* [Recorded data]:
——

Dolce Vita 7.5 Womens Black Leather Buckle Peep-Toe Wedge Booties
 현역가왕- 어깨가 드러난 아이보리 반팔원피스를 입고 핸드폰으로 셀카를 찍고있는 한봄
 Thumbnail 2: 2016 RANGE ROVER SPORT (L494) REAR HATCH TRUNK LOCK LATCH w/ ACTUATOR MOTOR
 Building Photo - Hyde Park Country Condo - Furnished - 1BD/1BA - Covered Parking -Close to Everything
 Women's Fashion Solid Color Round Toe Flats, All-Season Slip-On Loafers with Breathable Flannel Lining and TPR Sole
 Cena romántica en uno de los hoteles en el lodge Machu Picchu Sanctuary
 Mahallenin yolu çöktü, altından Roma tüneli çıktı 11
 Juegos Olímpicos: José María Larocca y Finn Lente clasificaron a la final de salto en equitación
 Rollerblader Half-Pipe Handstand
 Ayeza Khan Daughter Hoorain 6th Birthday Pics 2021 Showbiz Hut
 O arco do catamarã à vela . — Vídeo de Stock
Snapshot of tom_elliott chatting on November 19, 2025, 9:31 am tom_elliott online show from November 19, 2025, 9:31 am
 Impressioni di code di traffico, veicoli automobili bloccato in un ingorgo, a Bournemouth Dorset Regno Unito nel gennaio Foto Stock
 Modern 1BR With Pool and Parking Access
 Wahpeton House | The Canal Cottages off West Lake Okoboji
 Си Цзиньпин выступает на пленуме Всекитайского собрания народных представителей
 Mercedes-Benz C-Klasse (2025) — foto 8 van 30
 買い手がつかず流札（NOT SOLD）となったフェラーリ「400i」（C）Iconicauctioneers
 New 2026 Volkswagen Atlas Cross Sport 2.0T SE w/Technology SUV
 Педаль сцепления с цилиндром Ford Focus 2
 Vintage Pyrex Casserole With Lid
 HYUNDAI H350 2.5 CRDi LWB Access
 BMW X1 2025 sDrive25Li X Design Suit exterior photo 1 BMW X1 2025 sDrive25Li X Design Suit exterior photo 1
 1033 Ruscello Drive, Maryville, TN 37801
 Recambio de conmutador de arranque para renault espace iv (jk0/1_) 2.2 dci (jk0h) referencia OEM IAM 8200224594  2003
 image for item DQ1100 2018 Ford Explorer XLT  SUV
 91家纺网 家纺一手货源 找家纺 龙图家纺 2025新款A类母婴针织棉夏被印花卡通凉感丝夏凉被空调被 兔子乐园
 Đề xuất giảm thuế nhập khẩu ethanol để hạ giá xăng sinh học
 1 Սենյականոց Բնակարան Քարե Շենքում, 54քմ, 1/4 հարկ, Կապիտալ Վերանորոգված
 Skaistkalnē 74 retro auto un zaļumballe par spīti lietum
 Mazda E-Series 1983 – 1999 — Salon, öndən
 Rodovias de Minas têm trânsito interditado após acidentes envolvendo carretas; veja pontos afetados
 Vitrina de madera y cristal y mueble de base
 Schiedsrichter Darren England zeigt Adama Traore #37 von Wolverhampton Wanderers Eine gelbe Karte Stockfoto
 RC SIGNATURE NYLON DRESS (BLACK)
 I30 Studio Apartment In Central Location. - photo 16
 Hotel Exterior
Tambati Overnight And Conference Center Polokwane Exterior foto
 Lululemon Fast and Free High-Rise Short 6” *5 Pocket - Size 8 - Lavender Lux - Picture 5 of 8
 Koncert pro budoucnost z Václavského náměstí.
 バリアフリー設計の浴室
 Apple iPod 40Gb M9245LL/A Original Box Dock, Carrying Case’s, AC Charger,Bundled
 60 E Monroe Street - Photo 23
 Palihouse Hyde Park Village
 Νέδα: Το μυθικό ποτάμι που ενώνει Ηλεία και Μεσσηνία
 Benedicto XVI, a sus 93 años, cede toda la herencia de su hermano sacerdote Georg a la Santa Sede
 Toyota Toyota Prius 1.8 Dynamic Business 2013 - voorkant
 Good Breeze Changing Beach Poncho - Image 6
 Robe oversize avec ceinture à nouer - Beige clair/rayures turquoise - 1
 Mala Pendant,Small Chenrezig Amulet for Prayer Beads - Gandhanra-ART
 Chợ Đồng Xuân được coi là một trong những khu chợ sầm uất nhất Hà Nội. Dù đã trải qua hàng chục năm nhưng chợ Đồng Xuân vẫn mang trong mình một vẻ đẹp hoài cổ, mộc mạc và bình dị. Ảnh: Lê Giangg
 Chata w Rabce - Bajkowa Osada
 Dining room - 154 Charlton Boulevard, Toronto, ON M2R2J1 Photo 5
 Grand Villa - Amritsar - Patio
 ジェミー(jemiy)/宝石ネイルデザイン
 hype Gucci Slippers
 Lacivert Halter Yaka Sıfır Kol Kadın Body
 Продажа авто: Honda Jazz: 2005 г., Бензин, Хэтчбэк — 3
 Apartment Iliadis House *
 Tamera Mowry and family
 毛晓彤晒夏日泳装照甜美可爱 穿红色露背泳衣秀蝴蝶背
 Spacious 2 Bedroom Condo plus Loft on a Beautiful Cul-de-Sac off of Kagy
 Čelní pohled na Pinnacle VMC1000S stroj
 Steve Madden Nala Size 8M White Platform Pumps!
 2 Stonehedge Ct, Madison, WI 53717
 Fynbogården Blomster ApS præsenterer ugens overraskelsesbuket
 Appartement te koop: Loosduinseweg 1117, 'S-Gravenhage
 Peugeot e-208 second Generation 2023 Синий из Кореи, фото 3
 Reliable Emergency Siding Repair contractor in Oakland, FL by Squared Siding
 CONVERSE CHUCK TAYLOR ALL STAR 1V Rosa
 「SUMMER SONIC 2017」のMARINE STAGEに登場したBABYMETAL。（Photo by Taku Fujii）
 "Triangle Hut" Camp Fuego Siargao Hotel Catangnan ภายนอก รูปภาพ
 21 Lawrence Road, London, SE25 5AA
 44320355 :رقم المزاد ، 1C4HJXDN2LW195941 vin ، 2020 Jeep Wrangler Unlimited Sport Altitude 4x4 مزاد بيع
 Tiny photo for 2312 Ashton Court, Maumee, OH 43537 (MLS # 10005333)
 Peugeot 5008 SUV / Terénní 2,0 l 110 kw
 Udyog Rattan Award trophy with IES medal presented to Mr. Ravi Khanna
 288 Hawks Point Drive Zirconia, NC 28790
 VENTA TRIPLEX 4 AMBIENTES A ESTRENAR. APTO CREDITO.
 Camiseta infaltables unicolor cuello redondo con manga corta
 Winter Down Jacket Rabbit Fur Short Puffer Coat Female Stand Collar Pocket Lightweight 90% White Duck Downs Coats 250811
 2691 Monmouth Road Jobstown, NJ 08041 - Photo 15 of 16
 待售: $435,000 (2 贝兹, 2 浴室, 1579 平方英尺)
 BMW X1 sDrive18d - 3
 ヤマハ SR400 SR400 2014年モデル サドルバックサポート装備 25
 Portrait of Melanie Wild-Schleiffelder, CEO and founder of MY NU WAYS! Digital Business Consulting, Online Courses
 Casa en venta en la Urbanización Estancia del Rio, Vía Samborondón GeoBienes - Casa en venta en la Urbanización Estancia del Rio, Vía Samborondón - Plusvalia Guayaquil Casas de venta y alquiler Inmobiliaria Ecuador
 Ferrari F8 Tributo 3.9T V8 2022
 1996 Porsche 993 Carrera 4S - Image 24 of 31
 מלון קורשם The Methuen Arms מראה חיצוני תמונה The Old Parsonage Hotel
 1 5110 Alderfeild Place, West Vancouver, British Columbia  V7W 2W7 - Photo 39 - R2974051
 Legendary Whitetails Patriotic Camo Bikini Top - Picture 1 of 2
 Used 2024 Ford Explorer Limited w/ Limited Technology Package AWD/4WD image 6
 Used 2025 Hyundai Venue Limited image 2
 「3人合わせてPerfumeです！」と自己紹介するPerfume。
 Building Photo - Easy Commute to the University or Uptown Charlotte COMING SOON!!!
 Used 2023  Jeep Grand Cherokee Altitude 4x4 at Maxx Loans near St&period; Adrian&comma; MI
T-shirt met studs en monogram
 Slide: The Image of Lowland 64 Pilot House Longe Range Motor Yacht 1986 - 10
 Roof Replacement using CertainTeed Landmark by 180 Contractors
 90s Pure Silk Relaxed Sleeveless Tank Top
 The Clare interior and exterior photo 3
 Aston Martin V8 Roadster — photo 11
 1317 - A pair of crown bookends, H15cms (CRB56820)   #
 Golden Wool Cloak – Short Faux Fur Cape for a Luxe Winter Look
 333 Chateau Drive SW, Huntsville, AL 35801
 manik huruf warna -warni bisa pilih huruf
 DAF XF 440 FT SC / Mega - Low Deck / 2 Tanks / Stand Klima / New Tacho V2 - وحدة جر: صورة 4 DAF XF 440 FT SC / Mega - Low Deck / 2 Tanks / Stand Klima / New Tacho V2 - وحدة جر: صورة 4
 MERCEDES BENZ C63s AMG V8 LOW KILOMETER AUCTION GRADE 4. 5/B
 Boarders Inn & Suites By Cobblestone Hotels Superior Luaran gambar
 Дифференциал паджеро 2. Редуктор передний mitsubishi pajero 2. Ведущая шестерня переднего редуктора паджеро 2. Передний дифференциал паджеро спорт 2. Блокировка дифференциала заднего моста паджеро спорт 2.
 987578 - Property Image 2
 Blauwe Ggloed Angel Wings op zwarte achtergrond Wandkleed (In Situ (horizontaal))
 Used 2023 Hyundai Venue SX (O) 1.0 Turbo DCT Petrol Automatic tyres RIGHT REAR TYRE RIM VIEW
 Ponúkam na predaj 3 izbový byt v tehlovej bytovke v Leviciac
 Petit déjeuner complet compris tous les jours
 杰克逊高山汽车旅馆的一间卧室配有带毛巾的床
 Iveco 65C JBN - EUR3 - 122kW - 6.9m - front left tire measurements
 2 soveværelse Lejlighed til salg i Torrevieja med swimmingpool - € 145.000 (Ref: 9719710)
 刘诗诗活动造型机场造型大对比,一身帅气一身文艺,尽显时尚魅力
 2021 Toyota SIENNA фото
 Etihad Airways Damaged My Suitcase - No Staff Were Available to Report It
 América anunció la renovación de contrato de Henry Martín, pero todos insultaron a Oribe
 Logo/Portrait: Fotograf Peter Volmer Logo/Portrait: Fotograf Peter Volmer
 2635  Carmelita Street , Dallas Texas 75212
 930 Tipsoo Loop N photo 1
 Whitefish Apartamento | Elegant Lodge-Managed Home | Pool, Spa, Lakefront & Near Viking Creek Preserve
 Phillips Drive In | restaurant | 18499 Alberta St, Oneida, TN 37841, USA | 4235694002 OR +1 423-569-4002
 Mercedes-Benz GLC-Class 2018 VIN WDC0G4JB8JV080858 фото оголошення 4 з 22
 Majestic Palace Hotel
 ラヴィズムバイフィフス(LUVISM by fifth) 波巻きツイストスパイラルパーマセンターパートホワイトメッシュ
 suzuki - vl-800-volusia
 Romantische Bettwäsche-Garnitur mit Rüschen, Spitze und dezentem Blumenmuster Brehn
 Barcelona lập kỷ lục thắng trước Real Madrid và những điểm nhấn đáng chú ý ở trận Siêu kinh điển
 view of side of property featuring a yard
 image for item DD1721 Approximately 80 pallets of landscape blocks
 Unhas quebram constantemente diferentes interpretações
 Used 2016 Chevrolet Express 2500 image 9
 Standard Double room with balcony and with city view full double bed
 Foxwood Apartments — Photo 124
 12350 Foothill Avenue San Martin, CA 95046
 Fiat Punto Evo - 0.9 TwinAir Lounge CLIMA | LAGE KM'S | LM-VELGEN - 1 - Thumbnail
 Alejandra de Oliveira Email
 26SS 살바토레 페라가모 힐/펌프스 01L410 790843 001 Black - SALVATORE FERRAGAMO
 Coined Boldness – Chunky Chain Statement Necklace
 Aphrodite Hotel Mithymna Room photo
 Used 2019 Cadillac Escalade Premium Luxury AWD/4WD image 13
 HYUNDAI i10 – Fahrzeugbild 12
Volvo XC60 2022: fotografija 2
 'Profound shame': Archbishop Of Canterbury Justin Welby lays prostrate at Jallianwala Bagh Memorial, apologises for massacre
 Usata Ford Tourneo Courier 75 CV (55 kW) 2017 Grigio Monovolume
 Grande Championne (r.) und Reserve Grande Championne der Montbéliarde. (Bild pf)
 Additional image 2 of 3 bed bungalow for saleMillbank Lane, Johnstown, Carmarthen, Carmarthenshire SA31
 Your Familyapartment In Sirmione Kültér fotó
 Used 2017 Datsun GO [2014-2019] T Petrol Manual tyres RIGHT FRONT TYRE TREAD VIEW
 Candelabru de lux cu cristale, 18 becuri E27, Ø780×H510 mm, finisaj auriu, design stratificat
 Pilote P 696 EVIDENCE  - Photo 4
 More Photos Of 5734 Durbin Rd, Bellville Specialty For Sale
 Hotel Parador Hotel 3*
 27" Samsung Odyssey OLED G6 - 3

——

* [Task to carry out]: All lines starting at the one holding "HYUNDAI i10 – Fahrzeugbild 12" and ending at the last line above must be output exactly, and no other line may appear.

* [Result of the exercise]:
 HYUNDAI i10 – Fahrzeugbild 12
Volvo XC60 2022: fotografija 2
 'Profound shame': Archbishop Of Canterbury Justin Welby lays prostrate at Jallianwala Bagh Memorial, apologises for massacre
 Usata Ford Tourneo Courier 75 CV (55 kW) 2017 Grigio Monovolume
 Grande Championne (r.) und Reserve Grande Championne der Montbéliarde. (Bild pf)
 Additional image 2 of 3 bed bungalow for saleMillbank Lane, Johnstown, Carmarthen, Carmarthenshire SA31
 Your Familyapartment In Sirmione Kültér fotó
 Used 2017 Datsun GO [2014-2019] T Petrol Manual tyres RIGHT FRONT TYRE TREAD VIEW
 Candelabru de lux cu cristale, 18 becuri E27, Ø780×H510 mm, finisaj auriu, design stratificat
 Pilote P 696 EVIDENCE  - Photo 4
 More Photos Of 5734 Durbin Rd, Bellville Specialty For Sale
 Hotel Parador Hotel 3*
 27" Samsung Odyssey OLED G6 - 3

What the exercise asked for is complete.